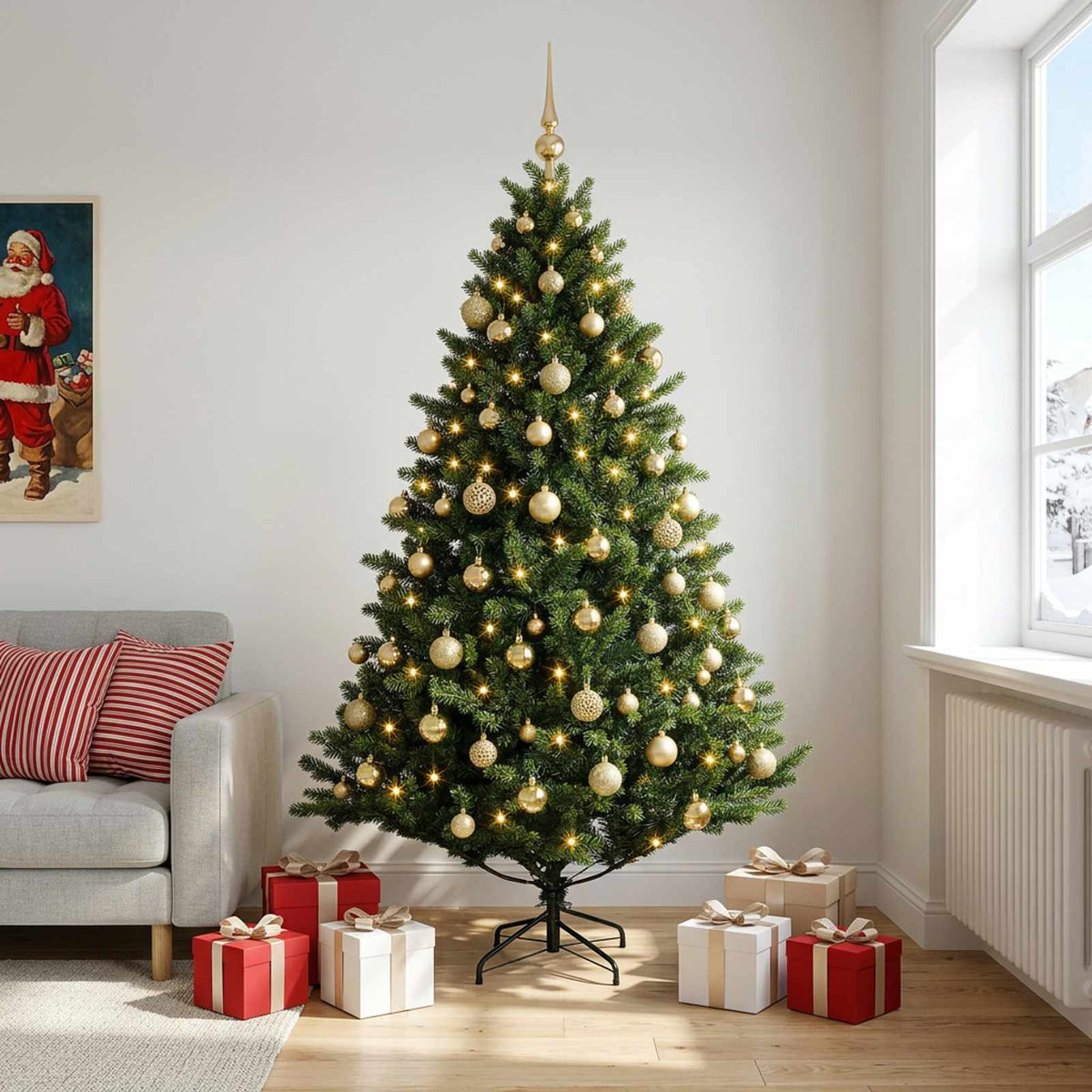 Dirbtinė kalėdinė eglutė su rutuliuku 240 cm 300 LED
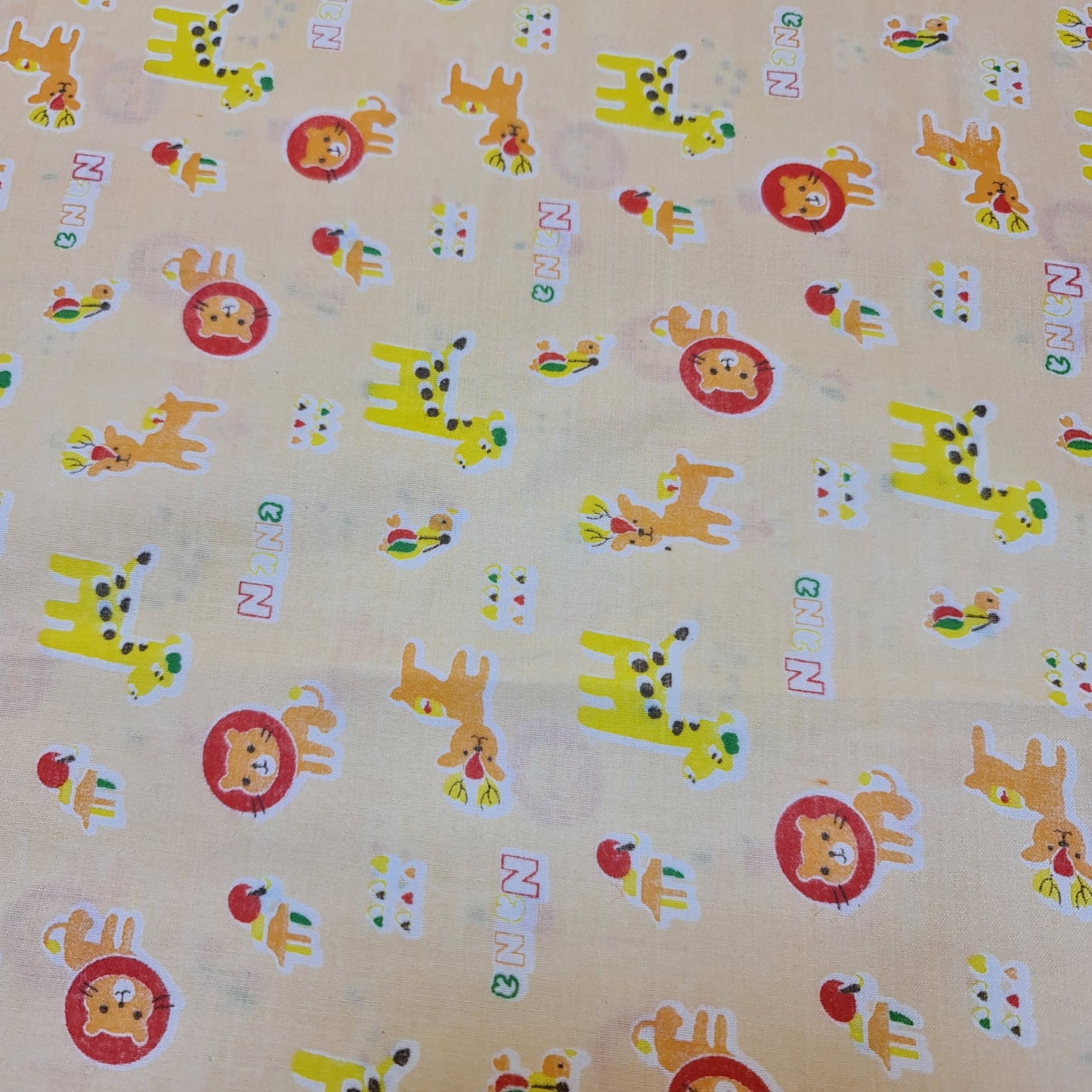 Kids Print 100% Cotton Poplin Fabric Animal Lion Giraffe Reindeer (44" Wide)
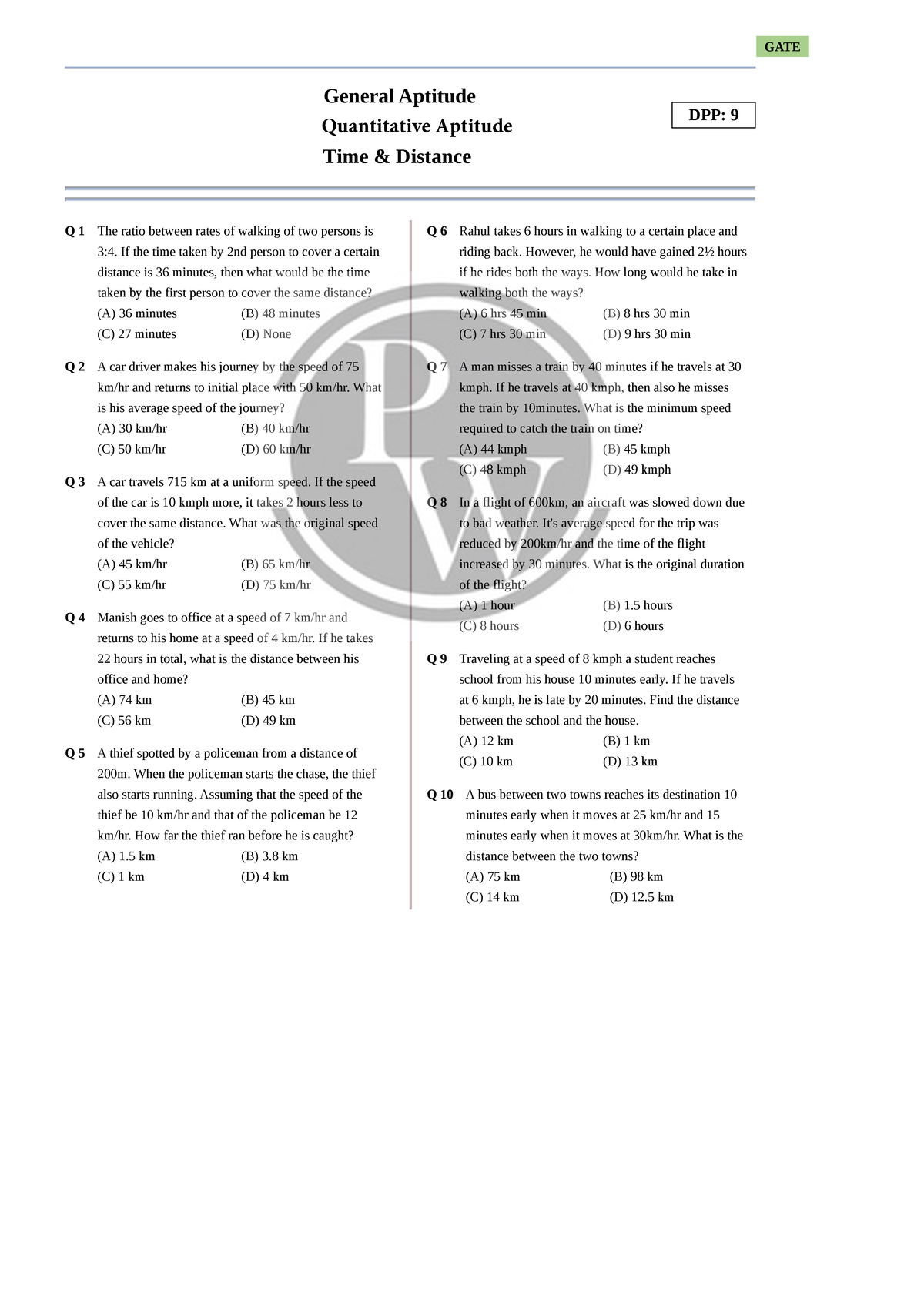 GATE General Aptitude DPP 9: Time and Distance Questions - Studocu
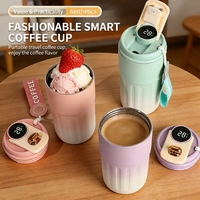 Thermos numérique personnalisé avec logo, 450 ml, affichage de la température LED intelligent, tasse à café en acier inoxydable, sangle de transport, tasse cadeau unisexe moderne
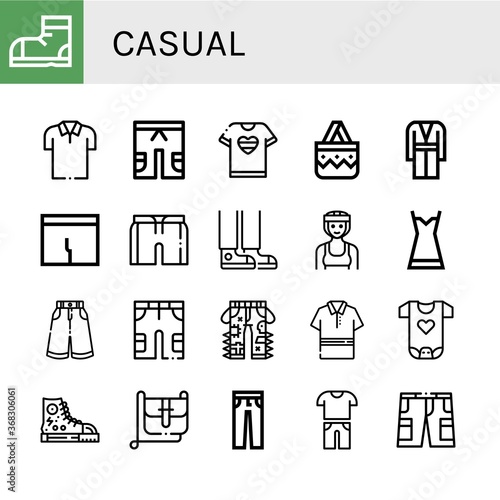 casual icon set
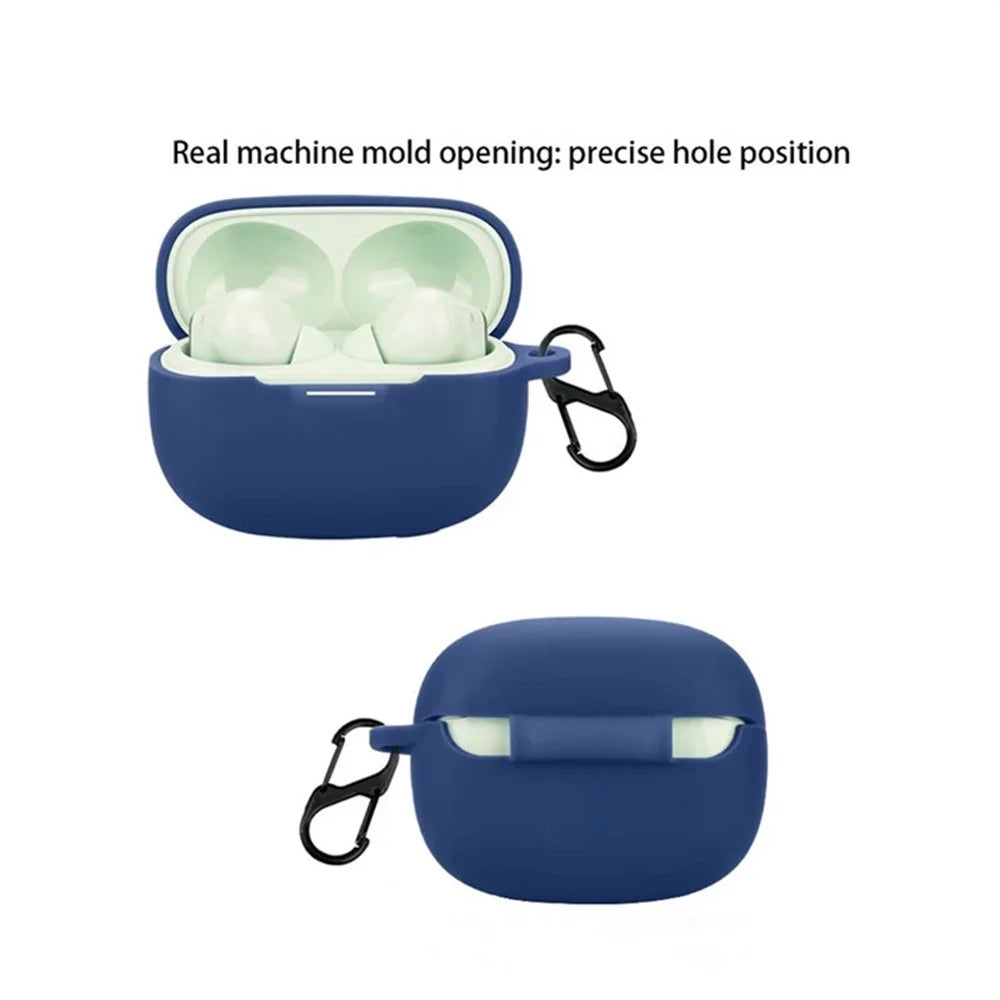 For Xiaomi Redmi Buds 6 Pro Case with Anti Lost Buckle Bluetooth-compatible Earbuds Silicone Protective Cover - White - 4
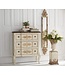 32 Inch White and Gold Washed Metal Urn on Stand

» **Exercise description**:
Please write the material out again exactly as shown above, minus any pictures.

» **Output of the task**:
 Dirbtinė kalėdinė eglutė su rutuliuku 240 cm 300 LED
 Kids Print 100% Cotton Poplin Fabric Animal Lion Giraffe Reindeer (44" Wide)
 GATE General Aptitude DPP 9: Time and Distance Questions - Studocu
 Thermos numérique personnalisé avec logo, 450 ml, affichage de la température LED intelligent, tasse à café en acier inoxydable, sangle de transport, tasse cadeau unisexe moderne
 casual icon set
 For Xiaomi Redmi Buds 6 Pro Case with Anti Lost Buckle Bluetooth-compatible Earbuds Silicone Protective Cover - White - 4
 32 Inch White and Gold Washed Metal Urn on Stand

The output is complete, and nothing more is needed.